ACTION ITEM. Set down again, exactly and only, the lines from the one that contains "Capricorn Flower Pink Glass Can 16oz" through the last line of the records below, both included, but not the pictures.

[Stored items from a collection]

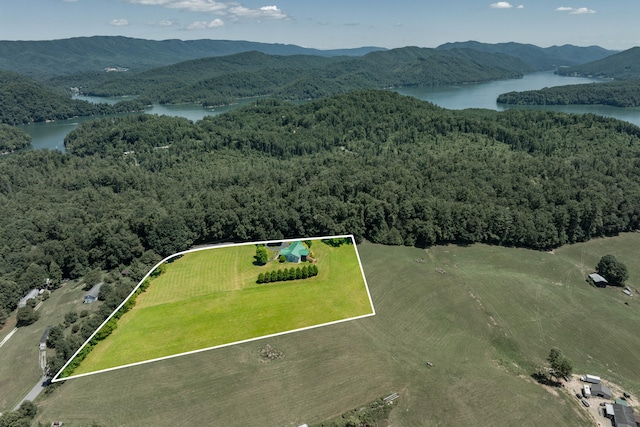 drone / aerial view featuring a water and mountain view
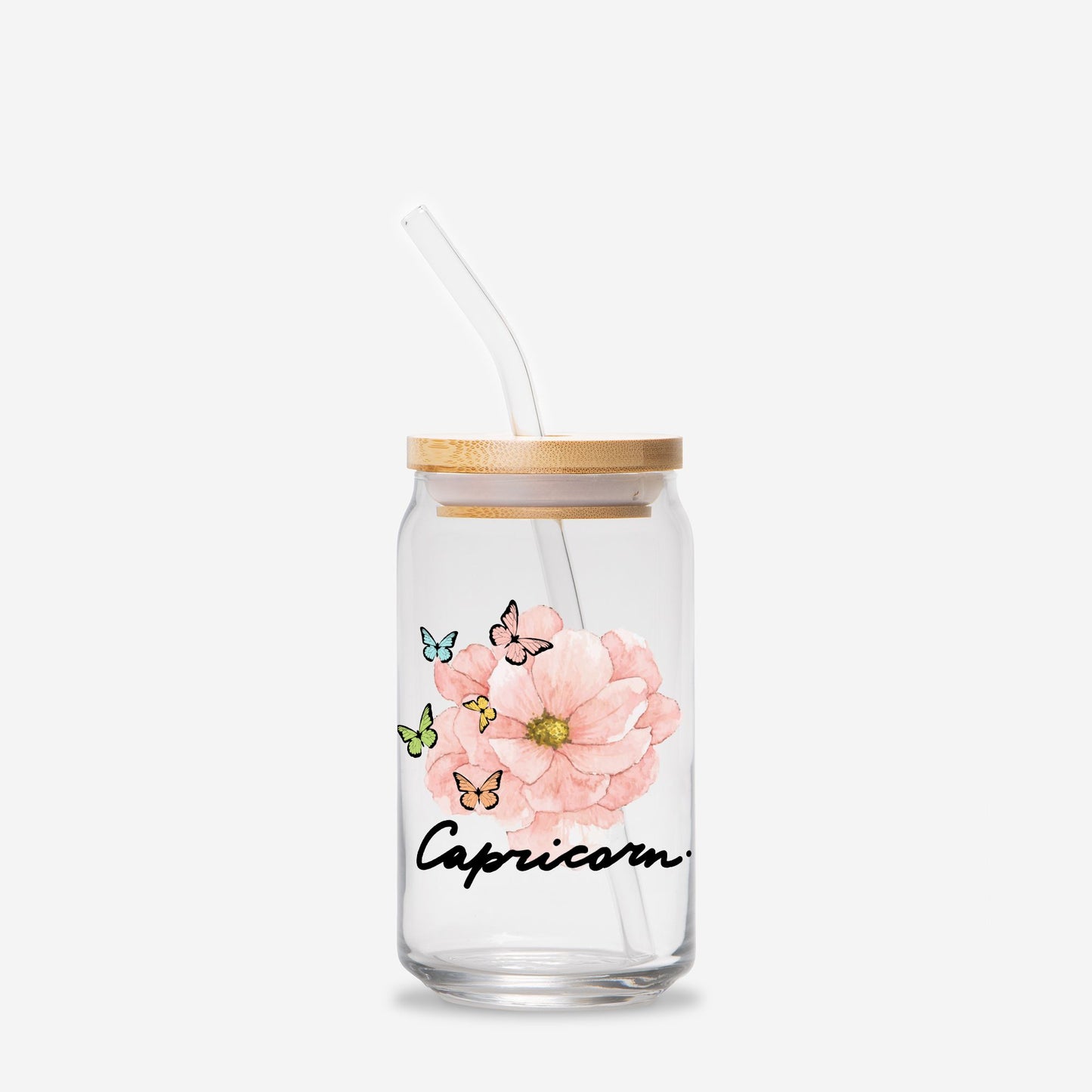 Capricorn Flower Pink Glass Can 16oz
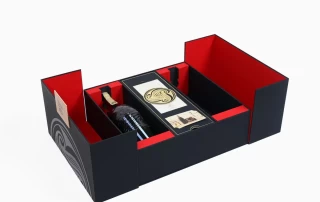 Boîte Cadeau de Luxe pour Bière à Double Couvercle Flip Top et Toucher Doux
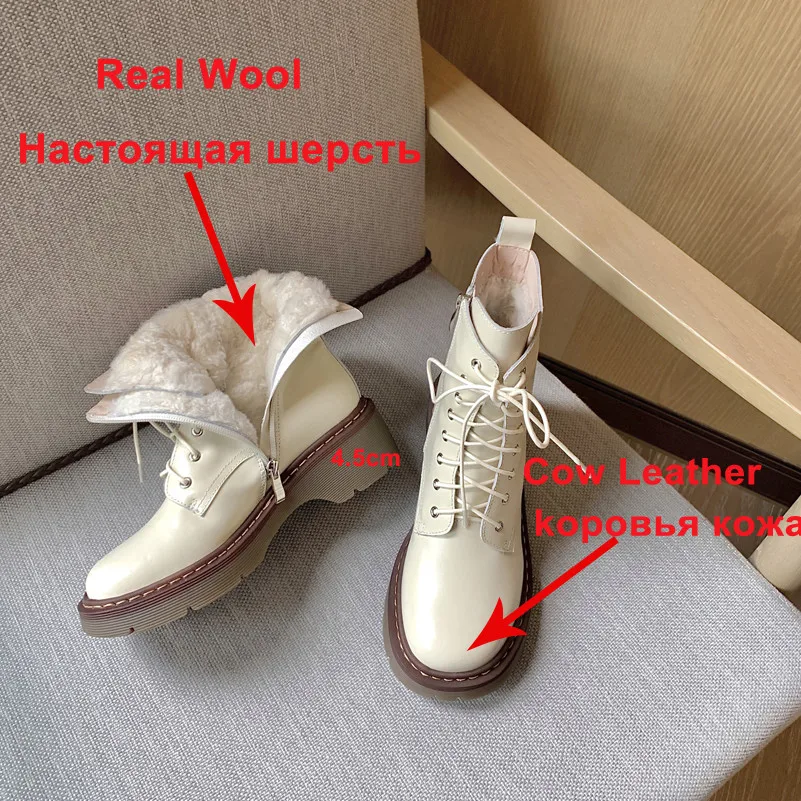 

Натуральная шерсть женская обувь из натуральной кожи с мехом на платформе, в стиле блока на Средних Каблуках, Женские ботильоны мотоботы бо...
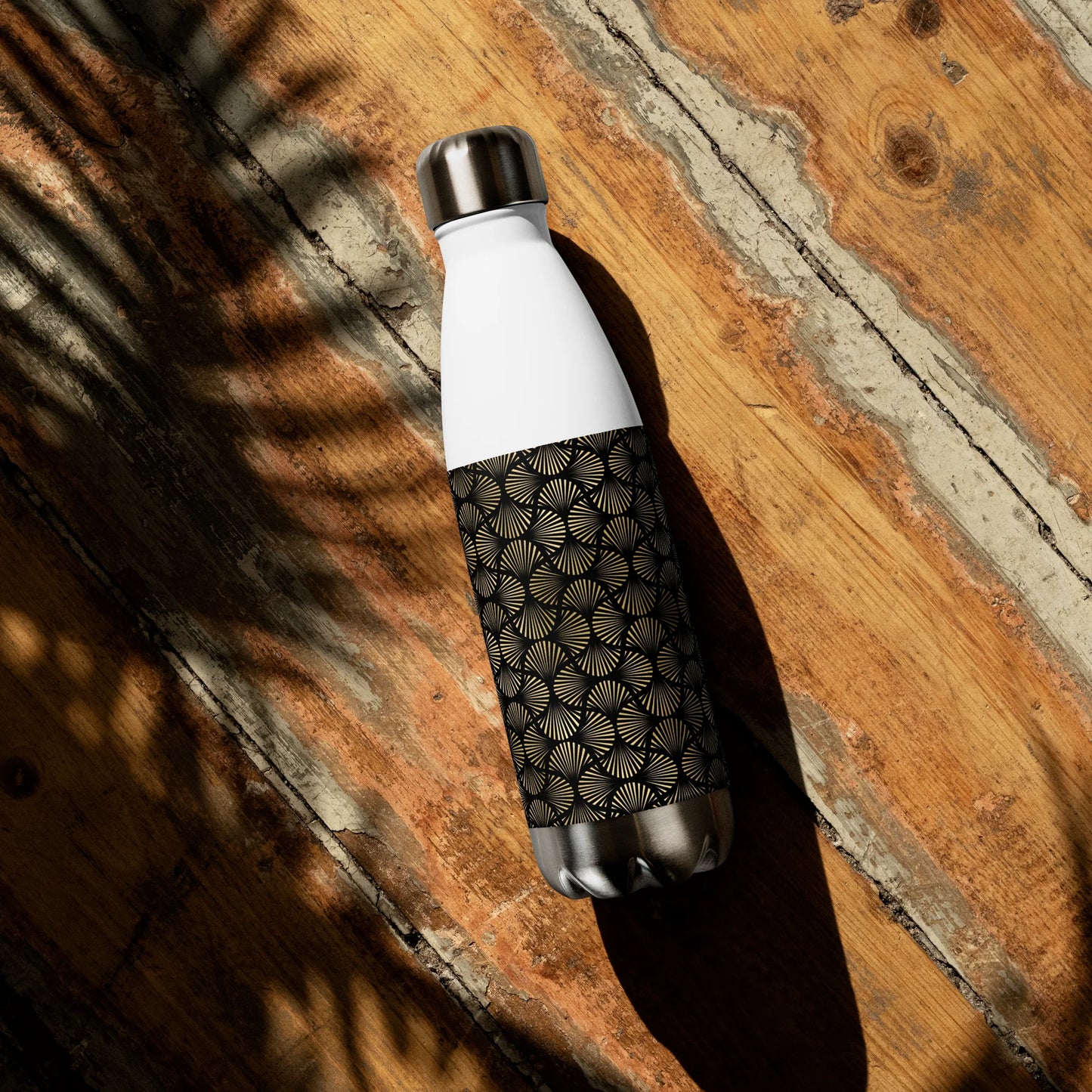 Black And Gold Art Deco Flower Reflections Stainless Steel Water Bottle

RESULT OF THIS EXERCISE.
 Capricorn Flower Pink Glass Can 16oz
 Boîte Cadeau de Luxe pour Bière à Double Couvercle Flip Top et Toucher Doux

Натуральная шерсть женская обувь из натуральной кожи с мехом на платформе, в стиле блока на Средних Каблуках, Женские ботильоны мотоботы бо...
 Black And Gold Art Deco Flower Reflections Stainless Steel Water Bottle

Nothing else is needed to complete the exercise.